However, the Supreme Court rejected the contention and noted that since the arbitral award is a foreign award, it has to be enforced under Part II of the Arbitration Act. The explanation to Section 47 of the Arbitration Act provides that only the High Court would have jurisdiction to enforce a foreign award9.
(vi) Ability to secure interim reliefs under Section 9 of the Arbitration Act:
The Supreme Court categorically observed that when two Indian parties elect a foreign seat of arbitration, it would be classified as an international commercial arbitration by relying on the place-centric approach. Accordingly, it ruled that the interim application under Section 9 should be heard in terms of Section 2(e)(ii) of the Arbitration Act, and was therefore maintainable before the Gujrat High Court.10ANALYSIS AND WAY FORWARD
The decision of the Supreme Court is important on several fronts. First, it accords recognition to the principle of party autonomy and emphasises the fact that there is no bar under Indian law to permit two India domiciled parties to choose a foreign seat of arbitration.
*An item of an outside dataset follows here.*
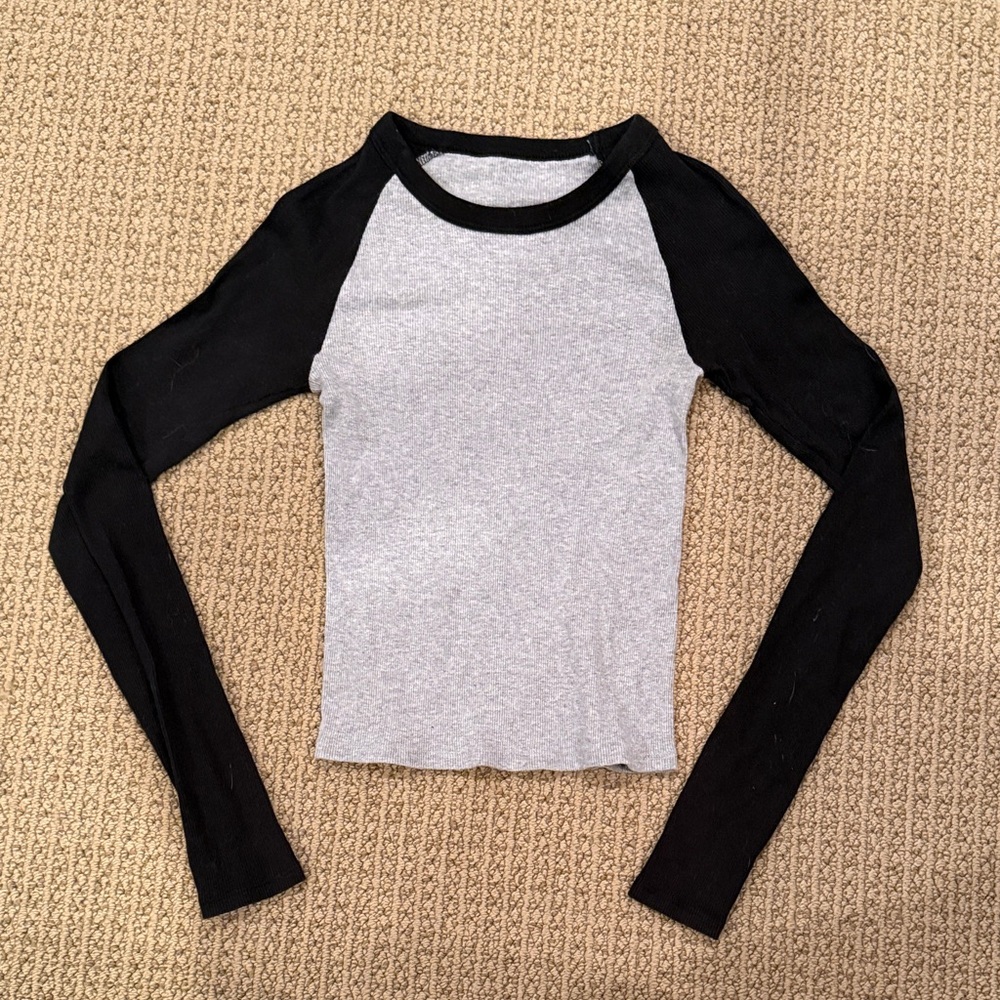 Brandy Melville Black and Gray Raglan Long Sleeve Top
Second, it also puts to rest several conflicting decisions of High Courts as well as the Supreme Court on the issue. In the past, this issue was properly considered for the first time by the Madhya Pradesh High Court in Sasan Power Ltd. v. North American Coal Corpn. (India) (P) Ltd.11 (“Sasan Power”), wherein it was held that Indian parties are free to choose a foreign seat of arbitration. While arriving at its decision, the Madhya Pradesh High Court considered the case of Atlas Exports Industries v. Kotak & Company12, in which the Supreme Court under the Arbitration and Conciliation Act, 1940 had held that merely because the arbitration is situated in a foreign country, it would not by itself be enough to nullify the arbitration agreement that the parties had entered into on their own volition. Further, arbitration is covered under Exception 1 to Section 28 of the Contract Act and right of the parties to legal recourse is not excluded by arbitration which is also a form of legal adjudication. Similar conclusions were arrived at in other cases such as the Delhi High Court’s decision in GMR Energy Limited v. Doosan Power Systems India Private Limited13.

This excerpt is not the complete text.